• Your goal: Read each line of the material and note whether it contains "Black". Give the number of such lines and nothing else.

• Input records:
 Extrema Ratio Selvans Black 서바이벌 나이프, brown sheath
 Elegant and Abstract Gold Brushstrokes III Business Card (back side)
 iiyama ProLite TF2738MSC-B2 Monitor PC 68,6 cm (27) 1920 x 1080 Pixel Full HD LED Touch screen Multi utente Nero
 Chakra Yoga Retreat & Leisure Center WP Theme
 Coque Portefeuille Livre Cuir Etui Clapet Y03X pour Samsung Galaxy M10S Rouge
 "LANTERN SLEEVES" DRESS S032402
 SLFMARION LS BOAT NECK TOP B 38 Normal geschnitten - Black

• Task answer: 2